Se ha tendido a ilustrar la relación entre derecho y literatura resaltando obras como Billy Budd, el
Libro de Ester, El proceso, El mercader de Venecia, A sangre fría, La muerte de Iván Ilich,
Antígona, Matar a un ruiseñor, Almas muertas, y un largo etcétera. En estas obras, el centro se fija
en el ámbito de la representación, razón por la cual se resaltan las figuras de abogados o jueces, de
cárceles o juzgados (o todo ello junto). Ficciones de la ley, sin embargo, no surge del interés por
determinar los modos en que la literatura representa al derecho, a pesar de que esta sea una empresa
determinante para pensar la justicia poética, sino de la preocupación por el lugar que aquí tiene lo
que llamamos ficción y su materialidad. Por una parte, se busca comprender la noción de ficción y
su relación con (el cuerpo y) la ley, y, por otra, ver de qué manera ley y ficción se han afectado
mutuamente en sus formas. El resultado es un libro que vuelve sobre el ejercicio del derecho antes
de Justiniano, cuando los oradores romanos expulsaron a las y los actores de la ciudad, por lo
mucho que teatro y derecho, que actores y oradores, se asemejaban.
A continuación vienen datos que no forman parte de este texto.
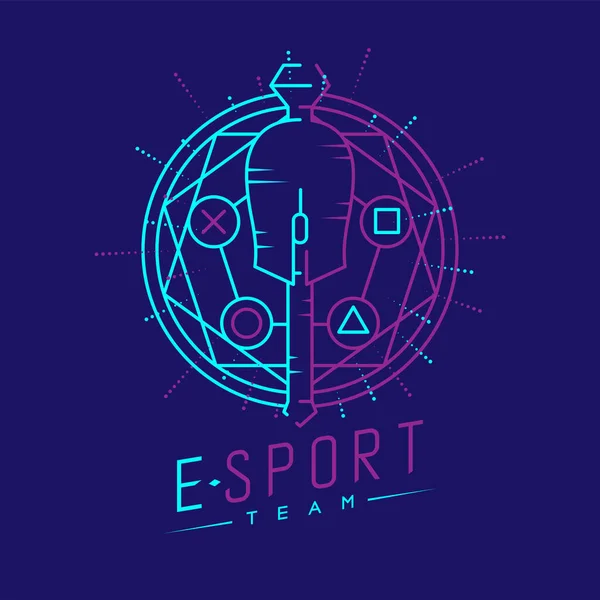 Esport Logo Icona Contorno Ictus Cornice Cerchio Magico Scettro Gioco — Vettoriale Stock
Luego se detiene en la
emergencia del Corpus Iuris Civilis y su relectura por parte de Boccaccio, que codificó la primera
novela moderna (el Decamerón). A continuación se realiza un excurso por la Inglaterra de Robinson
Crusoe y su principal fuente, Alexander Selkirk, releída en el XIX a partir de la creación de las
Poor Laws por parte de Joseph Townsend (para quien los pobres lo son porque el Estado los
mantiene). Finalmente, se vuelve al mundo griego y latino, a fin de comprender qué es lo que en
aquellos tiempos se entendía por ficción y qué relación tenía esta con la ley y la literatura. El
resultado es un libro que aventura nuevas maneras de comprender una relación que está tan
naturalizada que ya no vemos sus implicancias.